- **Prompt**
Line by line, print the records exactly.

- **The data**
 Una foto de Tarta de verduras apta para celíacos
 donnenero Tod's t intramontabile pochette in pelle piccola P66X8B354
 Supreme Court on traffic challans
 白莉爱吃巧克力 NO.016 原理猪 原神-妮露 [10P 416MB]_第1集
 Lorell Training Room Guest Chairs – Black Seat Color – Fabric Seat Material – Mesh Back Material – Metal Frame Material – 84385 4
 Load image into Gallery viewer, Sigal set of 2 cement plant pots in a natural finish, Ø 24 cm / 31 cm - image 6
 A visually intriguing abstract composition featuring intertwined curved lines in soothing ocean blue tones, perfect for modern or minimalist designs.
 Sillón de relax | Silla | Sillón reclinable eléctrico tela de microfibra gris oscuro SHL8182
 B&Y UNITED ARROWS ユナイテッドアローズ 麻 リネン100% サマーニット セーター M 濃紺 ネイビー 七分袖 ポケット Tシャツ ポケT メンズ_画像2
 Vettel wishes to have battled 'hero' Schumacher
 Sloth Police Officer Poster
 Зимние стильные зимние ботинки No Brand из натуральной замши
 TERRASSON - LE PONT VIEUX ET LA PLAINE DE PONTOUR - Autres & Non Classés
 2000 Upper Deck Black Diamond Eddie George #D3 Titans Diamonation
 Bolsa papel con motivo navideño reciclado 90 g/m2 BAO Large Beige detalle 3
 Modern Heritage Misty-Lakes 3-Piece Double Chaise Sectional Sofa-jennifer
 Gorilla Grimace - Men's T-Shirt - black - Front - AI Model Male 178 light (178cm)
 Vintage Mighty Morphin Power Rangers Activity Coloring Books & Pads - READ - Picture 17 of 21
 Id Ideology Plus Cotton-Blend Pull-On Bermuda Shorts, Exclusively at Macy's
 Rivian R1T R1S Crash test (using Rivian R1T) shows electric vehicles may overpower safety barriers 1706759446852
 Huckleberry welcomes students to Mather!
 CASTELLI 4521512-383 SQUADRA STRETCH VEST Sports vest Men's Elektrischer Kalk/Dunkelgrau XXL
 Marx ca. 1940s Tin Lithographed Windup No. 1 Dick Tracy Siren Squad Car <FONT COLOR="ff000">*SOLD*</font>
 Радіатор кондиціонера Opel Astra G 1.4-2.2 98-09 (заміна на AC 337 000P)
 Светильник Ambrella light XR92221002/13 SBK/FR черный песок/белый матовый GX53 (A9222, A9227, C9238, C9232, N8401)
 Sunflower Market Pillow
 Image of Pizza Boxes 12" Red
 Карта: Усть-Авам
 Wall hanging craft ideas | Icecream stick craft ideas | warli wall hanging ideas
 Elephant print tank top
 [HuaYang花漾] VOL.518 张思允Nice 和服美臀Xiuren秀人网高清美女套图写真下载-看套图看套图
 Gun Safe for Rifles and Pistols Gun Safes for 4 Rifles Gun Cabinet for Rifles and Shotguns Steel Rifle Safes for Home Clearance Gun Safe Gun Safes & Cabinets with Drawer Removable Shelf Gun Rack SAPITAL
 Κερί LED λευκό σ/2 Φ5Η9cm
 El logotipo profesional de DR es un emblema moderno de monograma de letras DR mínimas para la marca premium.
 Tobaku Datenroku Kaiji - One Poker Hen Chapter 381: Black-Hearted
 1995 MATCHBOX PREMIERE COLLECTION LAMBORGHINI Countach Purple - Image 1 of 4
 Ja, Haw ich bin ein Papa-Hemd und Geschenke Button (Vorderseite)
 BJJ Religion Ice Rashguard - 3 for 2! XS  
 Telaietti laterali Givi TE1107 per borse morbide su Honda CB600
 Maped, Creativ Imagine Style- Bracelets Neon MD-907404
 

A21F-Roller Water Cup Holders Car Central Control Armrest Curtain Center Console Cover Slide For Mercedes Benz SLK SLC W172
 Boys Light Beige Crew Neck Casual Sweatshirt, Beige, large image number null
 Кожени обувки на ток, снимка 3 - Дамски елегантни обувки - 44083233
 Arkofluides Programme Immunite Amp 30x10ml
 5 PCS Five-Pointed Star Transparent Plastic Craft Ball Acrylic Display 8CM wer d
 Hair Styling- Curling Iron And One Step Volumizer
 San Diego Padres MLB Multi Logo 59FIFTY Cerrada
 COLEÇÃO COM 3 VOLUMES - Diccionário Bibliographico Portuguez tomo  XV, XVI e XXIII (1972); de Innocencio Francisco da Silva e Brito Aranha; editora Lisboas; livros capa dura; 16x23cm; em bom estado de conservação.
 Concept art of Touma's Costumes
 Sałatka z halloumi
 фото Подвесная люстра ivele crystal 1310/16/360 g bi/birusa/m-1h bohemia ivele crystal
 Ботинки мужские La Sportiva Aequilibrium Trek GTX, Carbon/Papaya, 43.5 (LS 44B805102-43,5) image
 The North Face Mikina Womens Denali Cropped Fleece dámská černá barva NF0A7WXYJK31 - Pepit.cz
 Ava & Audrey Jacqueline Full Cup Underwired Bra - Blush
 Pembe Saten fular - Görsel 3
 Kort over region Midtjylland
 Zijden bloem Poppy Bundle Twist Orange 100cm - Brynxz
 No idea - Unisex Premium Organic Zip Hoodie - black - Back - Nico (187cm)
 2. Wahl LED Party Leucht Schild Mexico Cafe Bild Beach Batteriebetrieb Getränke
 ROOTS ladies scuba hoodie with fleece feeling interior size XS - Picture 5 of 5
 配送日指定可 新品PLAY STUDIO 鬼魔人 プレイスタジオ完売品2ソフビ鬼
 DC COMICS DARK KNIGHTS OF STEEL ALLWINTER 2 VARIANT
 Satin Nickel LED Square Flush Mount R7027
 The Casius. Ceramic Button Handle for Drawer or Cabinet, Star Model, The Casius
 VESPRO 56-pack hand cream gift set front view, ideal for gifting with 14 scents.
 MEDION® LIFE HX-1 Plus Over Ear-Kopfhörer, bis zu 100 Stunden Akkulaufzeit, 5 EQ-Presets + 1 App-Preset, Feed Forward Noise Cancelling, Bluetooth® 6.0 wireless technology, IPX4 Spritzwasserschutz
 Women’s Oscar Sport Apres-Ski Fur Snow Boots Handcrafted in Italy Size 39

- **Response area**
 Una foto de Tarta de verduras apta para celíacos
 donnenero Tod's t intramontabile pochette in pelle piccola P66X8B354
 Supreme Court on traffic challans
 白莉爱吃巧克力 NO.016 原理猪 原神-妮露 [10P 416MB]_第1集
 Lorell Training Room Guest Chairs – Black Seat Color – Fabric Seat Material – Mesh Back Material – Metal Frame Material – 84385 4
 Load image into Gallery viewer, Sigal set of 2 cement plant pots in a natural finish, Ø 24 cm / 31 cm - image 6
 A visually intriguing abstract composition featuring intertwined curved lines in soothing ocean blue tones, perfect for modern or minimalist designs.
 Sillón de relax | Silla | Sillón reclinable eléctrico tela de microfibra gris oscuro SHL8182
 B&Y UNITED ARROWS ユナイテッドアローズ 麻 リネン100% サマーニット セーター M 濃紺 ネイビー 七分袖 ポケット Tシャツ ポケT メンズ_画像2
 Vettel wishes to have battled 'hero' Schumacher
 Sloth Police Officer Poster
 Зимние стильные зимние ботинки No Brand из натуральной замши
 TERRASSON - LE PONT VIEUX ET LA PLAINE DE PONTOUR - Autres & Non Classés
 2000 Upper Deck Black Diamond Eddie George #D3 Titans Diamonation
 Bolsa papel con motivo navideño reciclado 90 g/m2 BAO Large Beige detalle 3
 Modern Heritage Misty-Lakes 3-Piece Double Chaise Sectional Sofa-jennifer
 Gorilla Grimace - Men's T-Shirt - black - Front - AI Model Male 178 light (178cm)
 Vintage Mighty Morphin Power Rangers Activity Coloring Books & Pads - READ - Picture 17 of 21
 Id Ideology Plus Cotton-Blend Pull-On Bermuda Shorts, Exclusively at Macy's
 Rivian R1T R1S Crash test (using Rivian R1T) shows electric vehicles may overpower safety barriers 1706759446852
 Huckleberry welcomes students to Mather!
 CASTELLI 4521512-383 SQUADRA STRETCH VEST Sports vest Men's Elektrischer Kalk/Dunkelgrau XXL
 Marx ca. 1940s Tin Lithographed Windup No. 1 Dick Tracy Siren Squad Car <FONT COLOR="ff000">*SOLD*</font>
 Радіатор кондиціонера Opel Astra G 1.4-2.2 98-09 (заміна на AC 337 000P)
 Светильник Ambrella light XR92221002/13 SBK/FR черный песок/белый матовый GX53 (A9222, A9227, C9238, C9232, N8401)
 Sunflower Market Pillow
 Image of Pizza Boxes 12" Red
 Карта: Усть-Авам
 Wall hanging craft ideas | Icecream stick craft ideas | warli wall hanging ideas
 Elephant print tank top
 [HuaYang花漾] VOL.518 张思允Nice 和服美臀Xiuren秀人网高清美女套图写真下载-看套图看套图
 Gun Safe for Rifles and Pistols Gun Safes for 4 Rifles Gun Cabinet for Rifles and Shotguns Steel Rifle Safes for Home Clearance Gun Safe Gun Safes & Cabinets with Drawer Removable Shelf Gun Rack SAPITAL
 Κερί LED λευκό σ/2 Φ5Η9cm
 El logotipo profesional de DR es un emblema moderno de monograma de letras DR mínimas para la marca premium.
 Tobaku Datenroku Kaiji - One Poker Hen Chapter 381: Black-Hearted
 1995 MATCHBOX PREMIERE COLLECTION LAMBORGHINI Countach Purple - Image 1 of 4
 Ja, Haw ich bin ein Papa-Hemd und Geschenke Button (Vorderseite)
 BJJ Religion Ice Rashguard - 3 for 2! XS  
 Telaietti laterali Givi TE1107 per borse morbide su Honda CB600
 Maped, Creativ Imagine Style- Bracelets Neon MD-907404
 

A21F-Roller Water Cup Holders Car Central Control Armrest Curtain Center Console Cover Slide For Mercedes Benz SLK SLC W172
 Boys Light Beige Crew Neck Casual Sweatshirt, Beige, large image number null
 Кожени обувки на ток, снимка 3 - Дамски елегантни обувки - 44083233
 Arkofluides Programme Immunite Amp 30x10ml
 5 PCS Five-Pointed Star Transparent Plastic Craft Ball Acrylic Display 8CM wer d
 Hair Styling- Curling Iron And One Step Volumizer
 San Diego Padres MLB Multi Logo 59FIFTY Cerrada
 COLEÇÃO COM 3 VOLUMES - Diccionário Bibliographico Portuguez tomo  XV, XVI e XXIII (1972); de Innocencio Francisco da Silva e Brito Aranha; editora Lisboas; livros capa dura; 16x23cm; em bom estado de conservação.
 Concept art of Touma's Costumes
 Sałatka z halloumi
 фото Подвесная люстра ivele crystal 1310/16/360 g bi/birusa/m-1h bohemia ivele crystal
 Ботинки мужские La Sportiva Aequilibrium Trek GTX, Carbon/Papaya, 43.5 (LS 44B805102-43,5) image
 The North Face Mikina Womens Denali Cropped Fleece dámská černá barva NF0A7WXYJK31 - Pepit.cz
 Ava & Audrey Jacqueline Full Cup Underwired Bra - Blush
 Pembe Saten fular - Görsel 3
 Kort over region Midtjylland
 Zijden bloem Poppy Bundle Twist Orange 100cm - Brynxz
 No idea - Unisex Premium Organic Zip Hoodie - black - Back - Nico (187cm)
 2. Wahl LED Party Leucht Schild Mexico Cafe Bild Beach Batteriebetrieb Getränke
 ROOTS ladies scuba hoodie with fleece feeling interior size XS - Picture 5 of 5
 配送日指定可 新品PLAY STUDIO 鬼魔人 プレイスタジオ完売品2ソフビ鬼
 DC COMICS DARK KNIGHTS OF STEEL ALLWINTER 2 VARIANT
 Satin Nickel LED Square Flush Mount R7027
 The Casius. Ceramic Button Handle for Drawer or Cabinet, Star Model, The Casius
 VESPRO 56-pack hand cream gift set front view, ideal for gifting with 14 scents.
 MEDION® LIFE HX-1 Plus Over Ear-Kopfhörer, bis zu 100 Stunden Akkulaufzeit, 5 EQ-Presets + 1 App-Preset, Feed Forward Noise Cancelling, Bluetooth® 6.0 wireless technology, IPX4 Spritzwasserschutz
 Women’s Oscar Sport Apres-Ski Fur Snow Boots Handcrafted in Italy Size 39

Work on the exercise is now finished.